Inputs
Playbooks can take arguments that are effectively Inputs into your Playbook.
A basic example would be:
plan example::upgrade (
String $version,
Enum[alpha, bravo] $cluster = "alpha"
) {
# use $version and $cluster
}
As these are just Puppet variables the type handling will deal with validating your inputs - like the Enum here - and all the usual behaviours remain. We will add a way to use the MCollective Validation plugins as types so you can get things like shell safe validation for free.

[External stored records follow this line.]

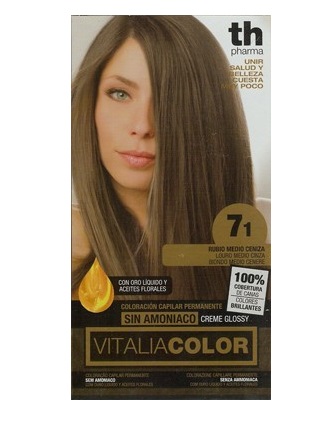 TH PHARMA VITALIA COLOR COLORACION CAPILAR SIN AMONIACO 7.1RUBIO MEDIO CENIZA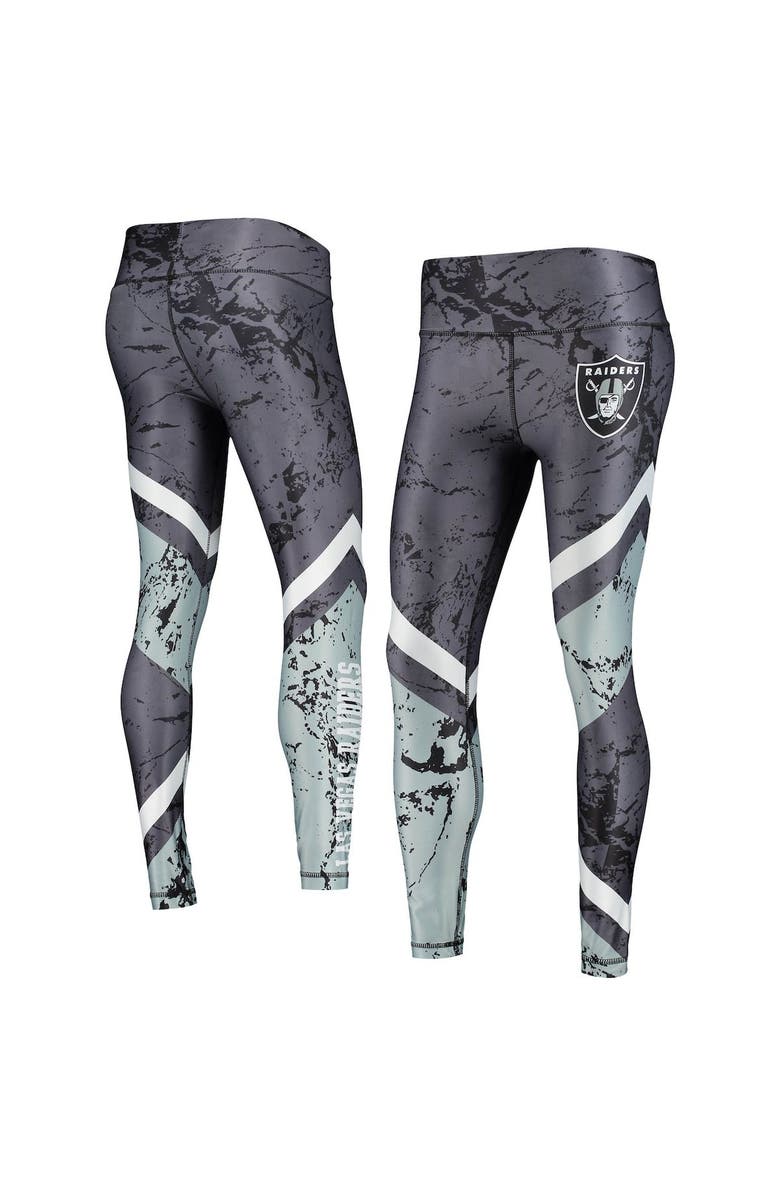 CONCEPTS SPORT Women's Concepts Sport Black/Silver Las Vegas Raiders Dormer Knit Sublimated Leggings, Main, color, Black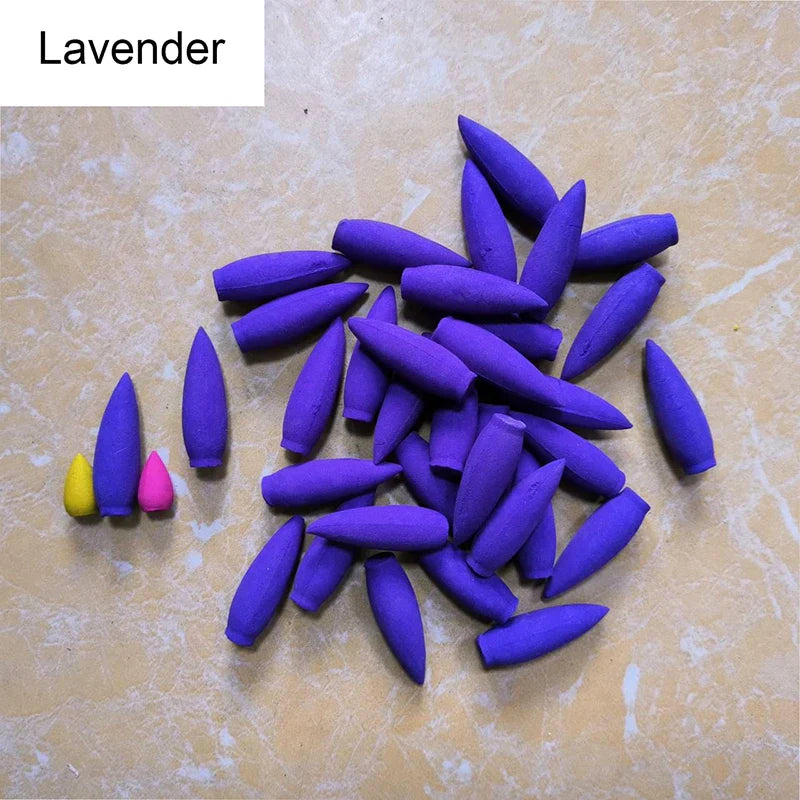 Oversized Backflow Incense Cones 100g, 6–6.5 cm (2.36–2.56 in), 30–35 Min Burn, Sandalwood Lavender Jasmine for Home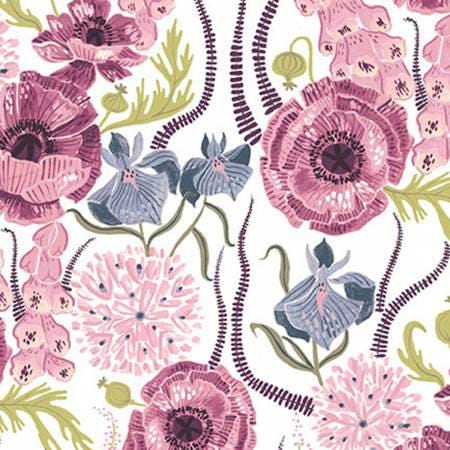 Garden Sanctuary by Rae Ritchie White Blooming Garden Purple Cotton Woven Fabric- SRR858 White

There’s a nice trick to use a setting store for setting you often need but that are annoying to type like API tokens:
plan example::slack (
Optional[String] $api_key = undef,
String $message
) {
$ds = {
"type" => "file",
"file" => "~/.plans.rc",
"format" => "yaml",
"create" => true
}
# Store if given, lookup if not
$token = $api_key ? {
String => choria::data("slack.key", $api_key, $ds),
default => choria::data("slack.key", $ds)
}
unless $token {
fail("A Slack API token is needed")
}
# use the token
}
Here we mark the $api_key as optional and if it’s given we store it into the ~/.plans.rc, if not given we attempt to read it from the same file. This way you only have to provide it once and future runs of the playbook will reuse it. The same can be done with other persistent stores like consul and etcd in which case it could be team wide behavior.
Data Stores are an advanced topic and covered extensively in the dedicated Data Stores page.